• _Directions for this task_
Every line below between the line holding "Papua New Guinea" and the line holding "OLEVS 6898 Men", inclusive, should be repeated exactly, and all other lines omitted.

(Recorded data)
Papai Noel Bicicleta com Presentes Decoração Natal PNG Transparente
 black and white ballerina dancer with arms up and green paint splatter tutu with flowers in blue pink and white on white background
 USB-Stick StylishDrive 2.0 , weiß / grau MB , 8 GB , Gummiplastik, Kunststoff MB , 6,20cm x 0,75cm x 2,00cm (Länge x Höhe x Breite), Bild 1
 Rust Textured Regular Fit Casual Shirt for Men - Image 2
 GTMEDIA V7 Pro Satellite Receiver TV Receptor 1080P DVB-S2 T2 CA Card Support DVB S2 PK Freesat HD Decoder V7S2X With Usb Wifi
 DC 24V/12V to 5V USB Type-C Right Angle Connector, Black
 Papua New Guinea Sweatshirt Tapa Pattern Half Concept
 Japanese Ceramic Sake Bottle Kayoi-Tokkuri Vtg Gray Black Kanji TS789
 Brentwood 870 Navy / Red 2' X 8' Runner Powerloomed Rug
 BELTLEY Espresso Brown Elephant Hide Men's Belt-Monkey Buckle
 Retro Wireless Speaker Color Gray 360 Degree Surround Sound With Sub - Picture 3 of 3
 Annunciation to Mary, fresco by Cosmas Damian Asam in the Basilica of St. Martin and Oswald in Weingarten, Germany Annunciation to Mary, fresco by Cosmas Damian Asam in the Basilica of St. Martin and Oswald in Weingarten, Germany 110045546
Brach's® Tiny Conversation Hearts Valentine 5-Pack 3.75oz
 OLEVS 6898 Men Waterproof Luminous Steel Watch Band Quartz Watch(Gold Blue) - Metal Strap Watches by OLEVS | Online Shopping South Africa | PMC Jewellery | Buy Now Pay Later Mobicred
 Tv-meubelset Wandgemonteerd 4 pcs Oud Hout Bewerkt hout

• _Task response_
 Papua New Guinea Sweatshirt Tapa Pattern Half Concept
 Japanese Ceramic Sake Bottle Kayoi-Tokkuri Vtg Gray Black Kanji TS789
 Brentwood 870 Navy / Red 2' X 8' Runner Powerloomed Rug
 BELTLEY Espresso Brown Elephant Hide Men's Belt-Monkey Buckle
 Retro Wireless Speaker Color Gray 360 Degree Surround Sound With Sub - Picture 3 of 3
 Annunciation to Mary, fresco by Cosmas Damian Asam in the Basilica of St. Martin and Oswald in Weingarten, Germany Annunciation to Mary, fresco by Cosmas Damian Asam in the Basilica of St. Martin and Oswald in Weingarten, Germany 110045546
Brach's® Tiny Conversation Hearts Valentine 5-Pack 3.75oz
 OLEVS 6898 Men Waterproof Luminous Steel Watch Band Quartz Watch(Gold Blue) - Metal Strap Watches by OLEVS | Online Shopping South Africa | PMC Jewellery | Buy Now Pay Later Mobicred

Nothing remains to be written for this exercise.